How to complete this task: So long as no pictures are carried over, output the records below exactly.

Material for the task:
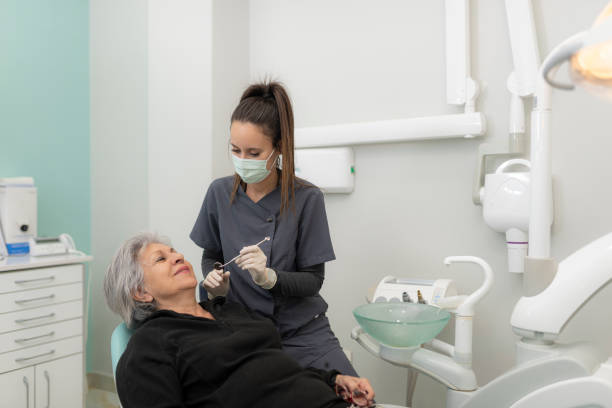 Best Dental Abscess Treatment in North Apollo, PA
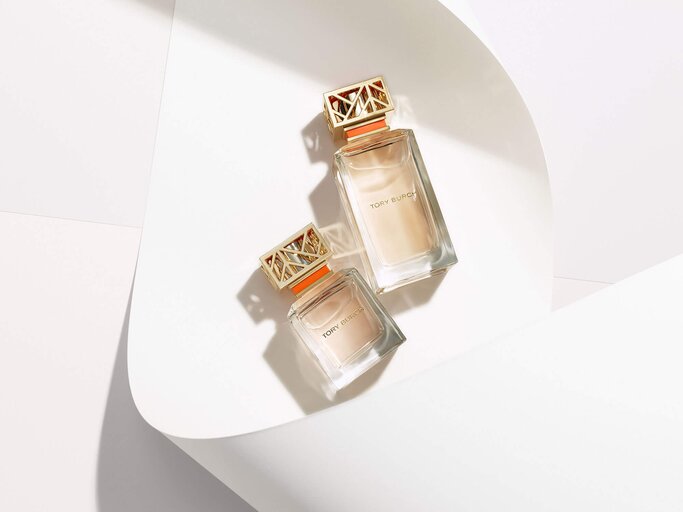 Tory Burch Eau de Parfum | © PR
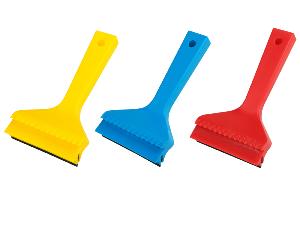 Grattoir givre 10cm -winter-profi-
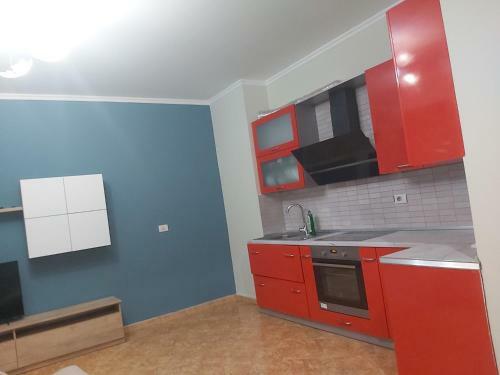 Apartamento Comfy Home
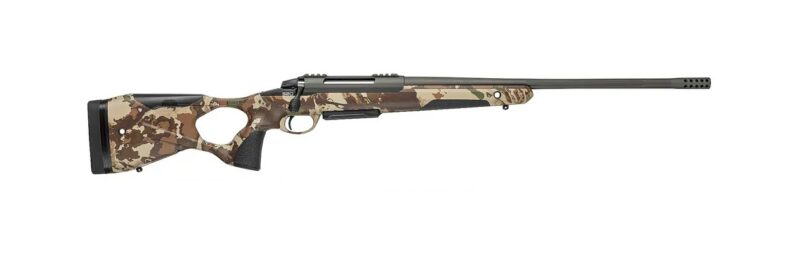 SAKO S20 HUNTER FUSION 308WIN 24'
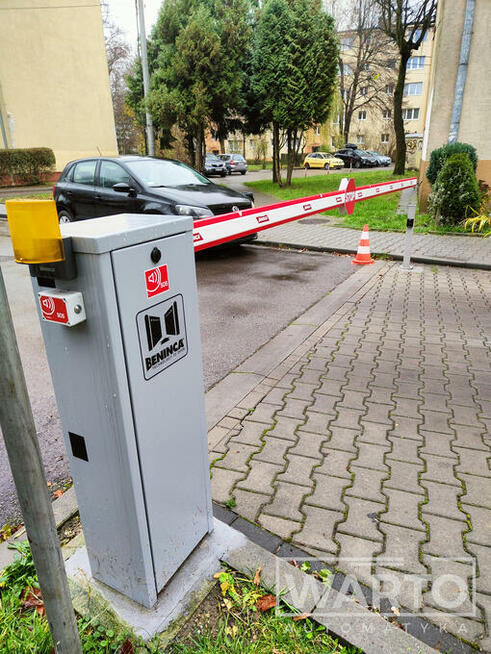 Automaty do bram, automatyka, napędy, serwis, Beninca,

Answer box:
 Best Dental Abscess Treatment in North Apollo, PA
 Tory Burch Eau de Parfum | © PR
 Grattoir givre 10cm -winter-profi-
 Apartamento Comfy Home
 SAKO S20 HUNTER FUSION 308WIN 24'
 Automaty do bram, automatyka, napędy, serwis, Beninca,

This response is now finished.